From the line containing "Jungmun Log Pension&Resort" to the last line of the records below, transcribe everything exactly, pictures excluded.

--- Excerpted records ---

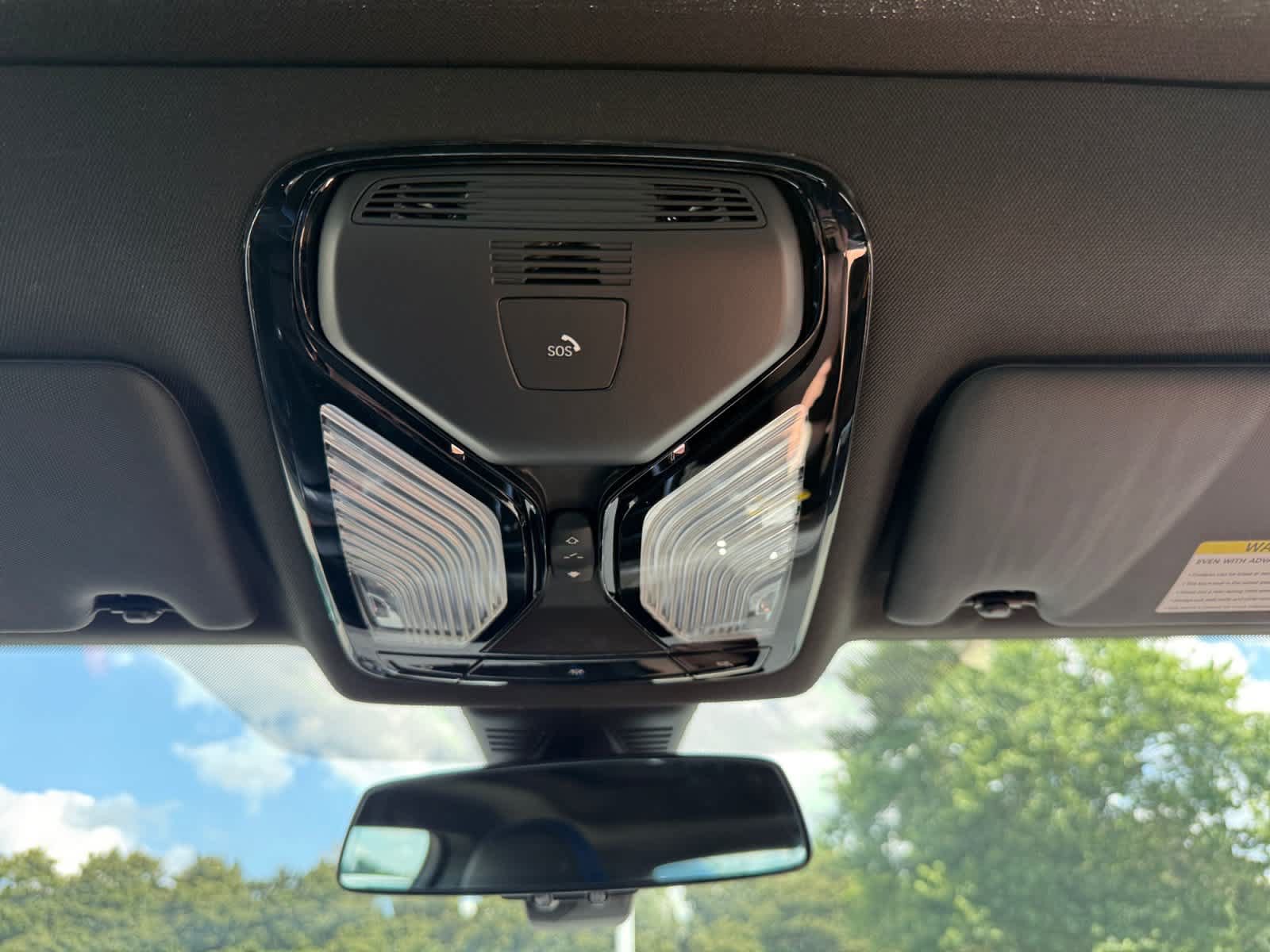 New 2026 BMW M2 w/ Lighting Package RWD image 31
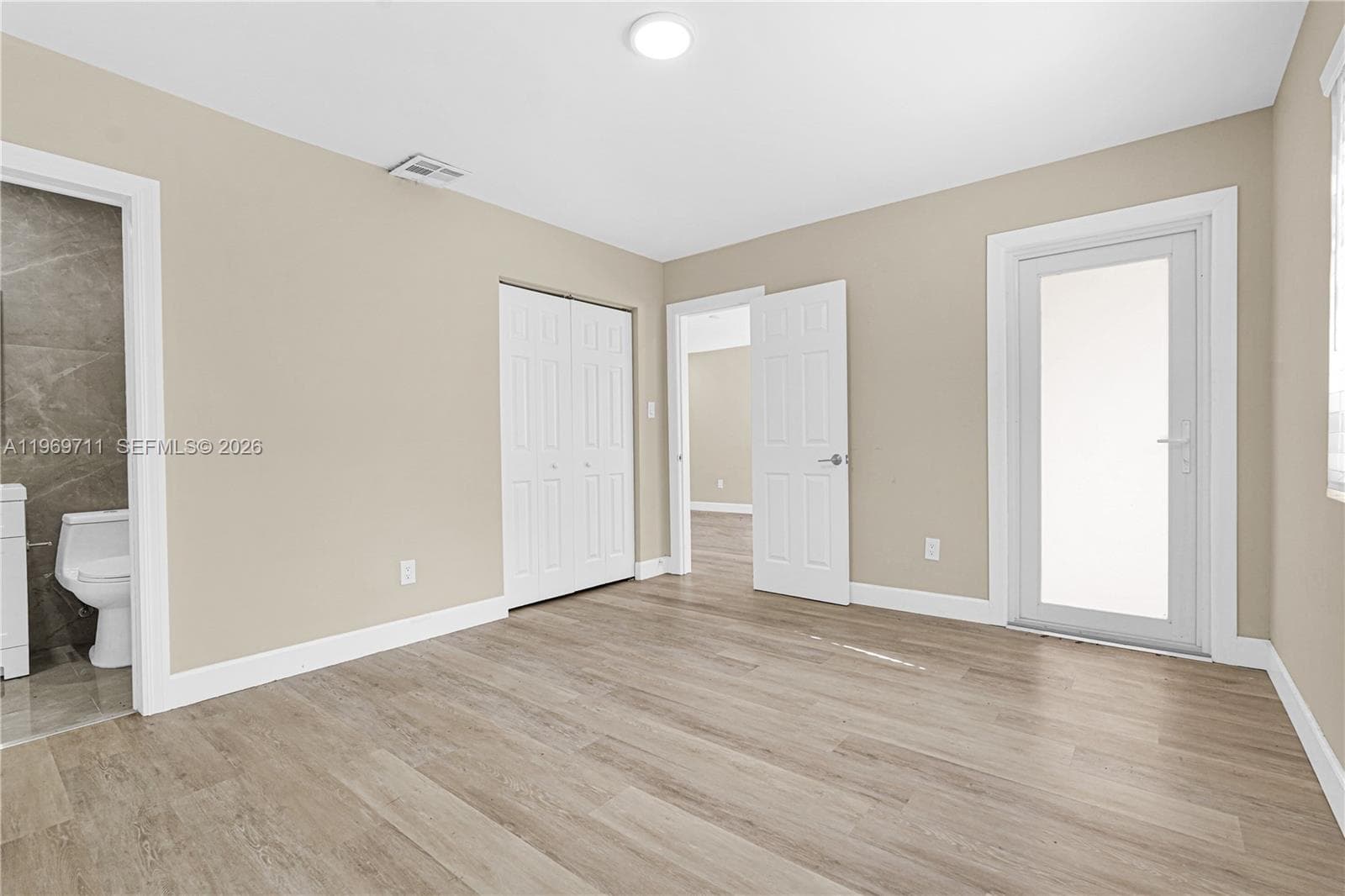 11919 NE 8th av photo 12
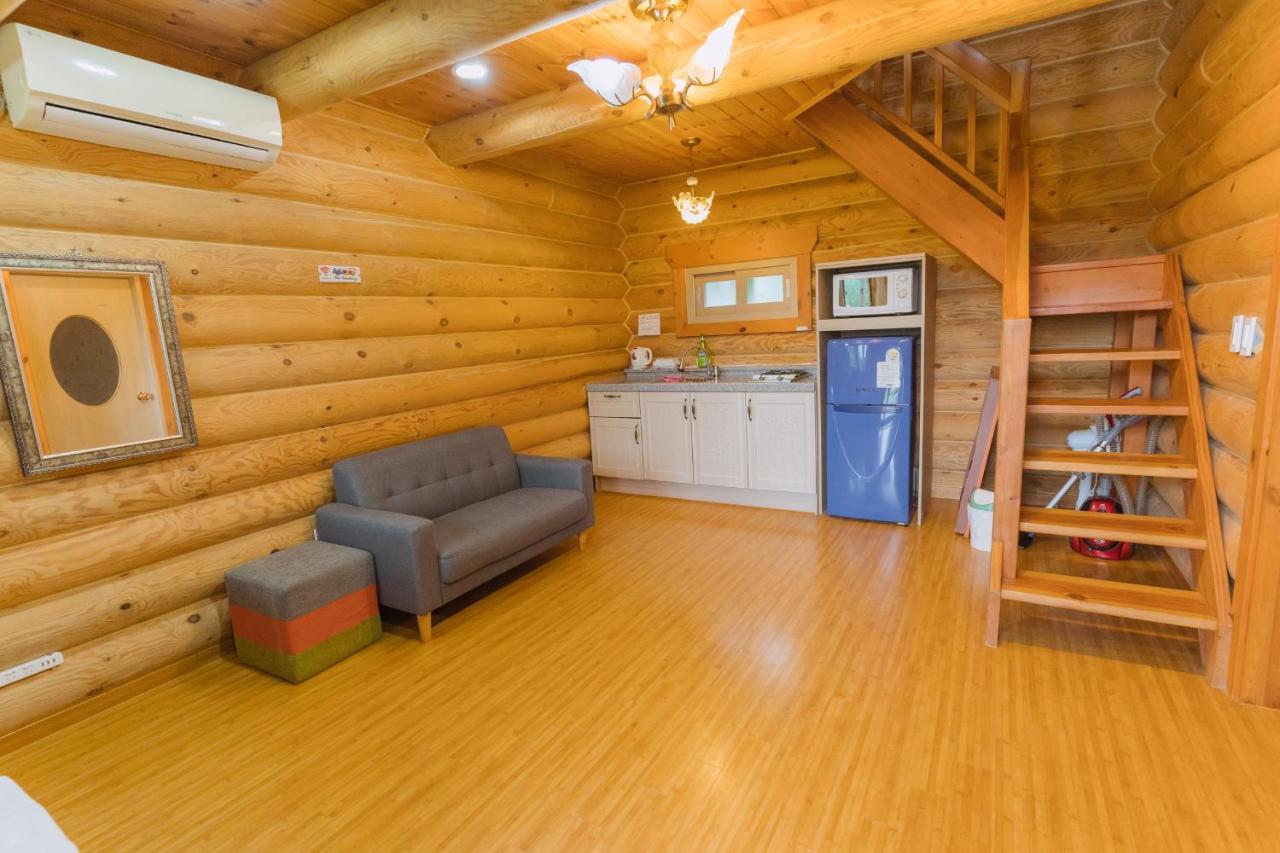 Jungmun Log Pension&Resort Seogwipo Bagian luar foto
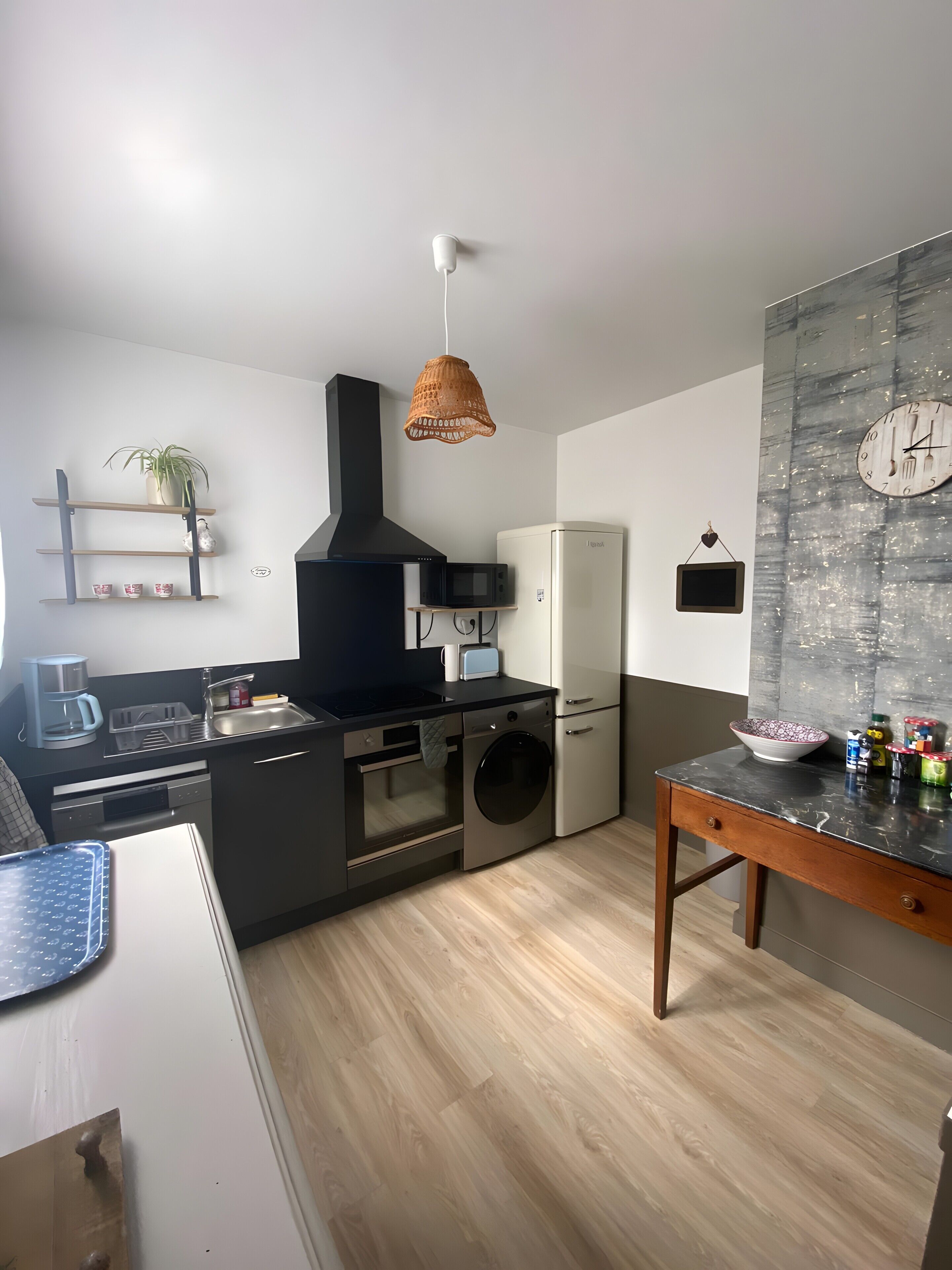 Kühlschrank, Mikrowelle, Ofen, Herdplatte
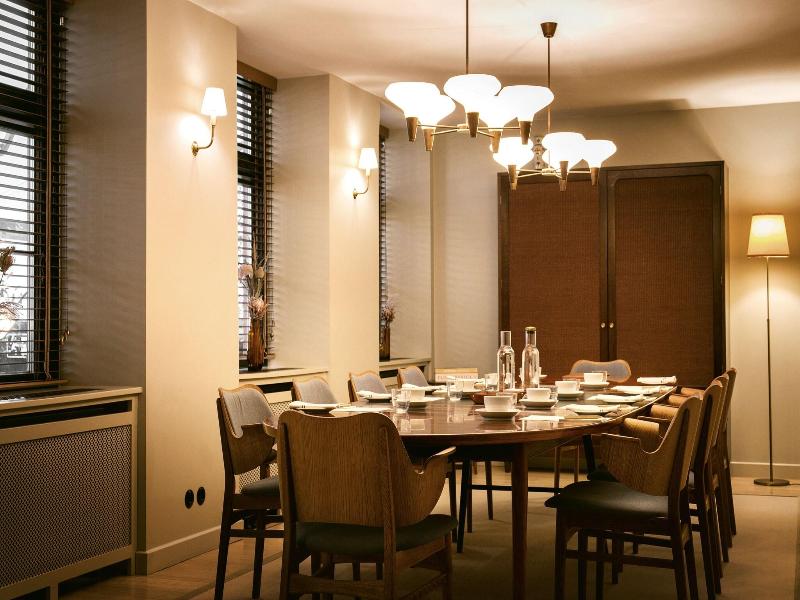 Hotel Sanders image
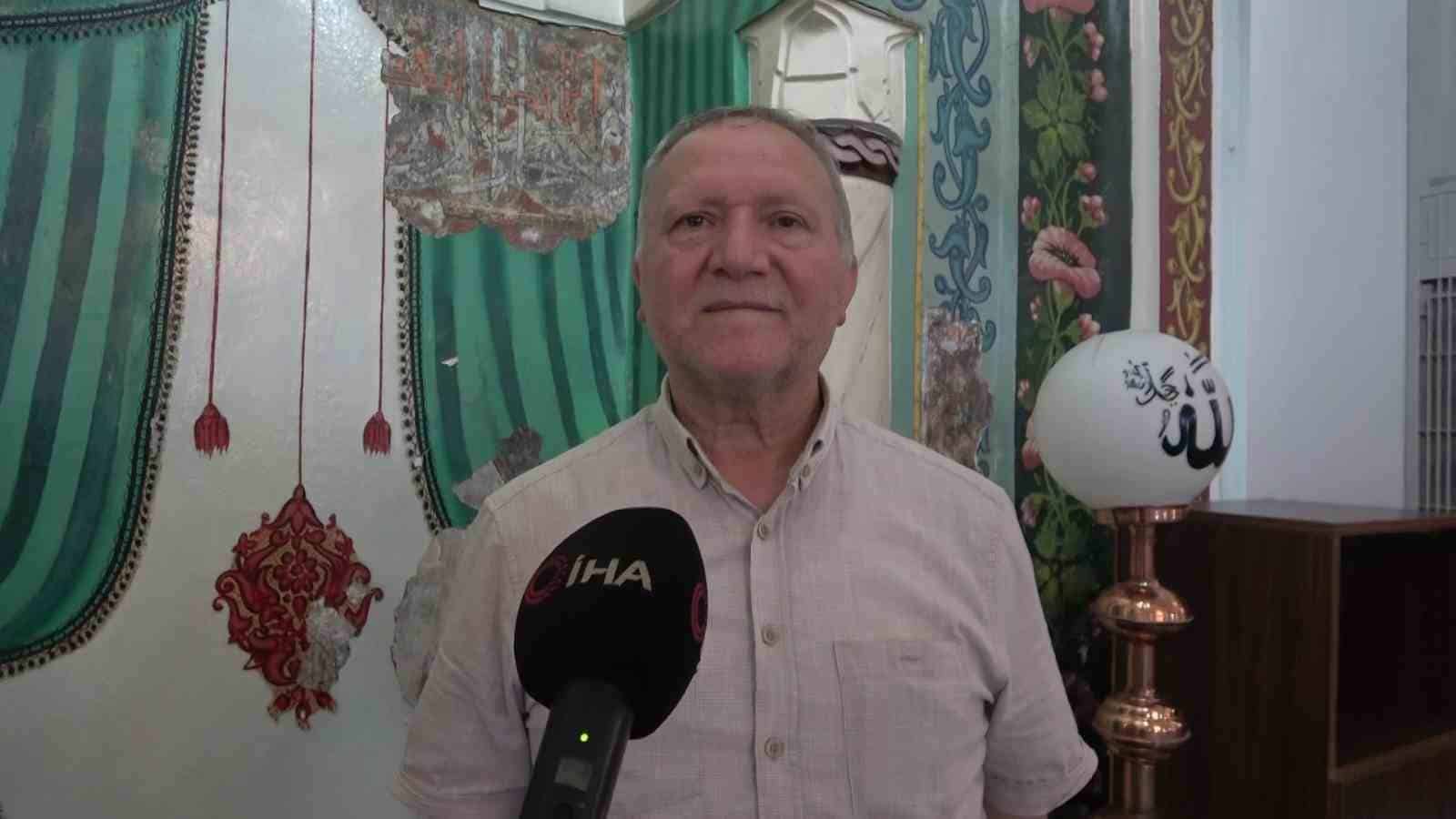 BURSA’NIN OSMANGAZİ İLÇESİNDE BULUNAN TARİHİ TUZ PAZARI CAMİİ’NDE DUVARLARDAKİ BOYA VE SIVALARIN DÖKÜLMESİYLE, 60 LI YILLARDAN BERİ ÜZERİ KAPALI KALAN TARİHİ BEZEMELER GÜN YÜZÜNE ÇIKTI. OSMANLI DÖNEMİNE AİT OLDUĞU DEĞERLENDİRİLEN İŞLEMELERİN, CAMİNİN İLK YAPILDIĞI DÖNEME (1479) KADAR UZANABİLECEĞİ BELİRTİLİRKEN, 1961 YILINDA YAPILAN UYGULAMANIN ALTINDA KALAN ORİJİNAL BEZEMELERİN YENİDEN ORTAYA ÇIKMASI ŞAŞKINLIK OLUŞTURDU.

---

> [Result of the task]
 Jungmun Log Pension&Resort Seogwipo Bagian luar foto
 Kühlschrank, Mikrowelle, Ofen, Herdplatte
 Hotel Sanders image
 BURSA’NIN OSMANGAZİ İLÇESİNDE BULUNAN TARİHİ TUZ PAZARI CAMİİ’NDE DUVARLARDAKİ BOYA VE SIVALARIN DÖKÜLMESİYLE, 60 LI YILLARDAN BERİ ÜZERİ KAPALI KALAN TARİHİ BEZEMELER GÜN YÜZÜNE ÇIKTI. OSMANLI DÖNEMİNE AİT OLDUĞU DEĞERLENDİRİLEN İŞLEMELERİN, CAMİNİN İLK YAPILDIĞI DÖNEME (1479) KADAR UZANABİLECEĞİ BELİRTİLİRKEN, 1961 YILINDA YAPILAN UYGULAMANIN ALTINDA KALAN ORİJİNAL BEZEMELERİN YENİDEN ORTAYA ÇIKMASI ŞAŞKINLIK OLUŞTURDU.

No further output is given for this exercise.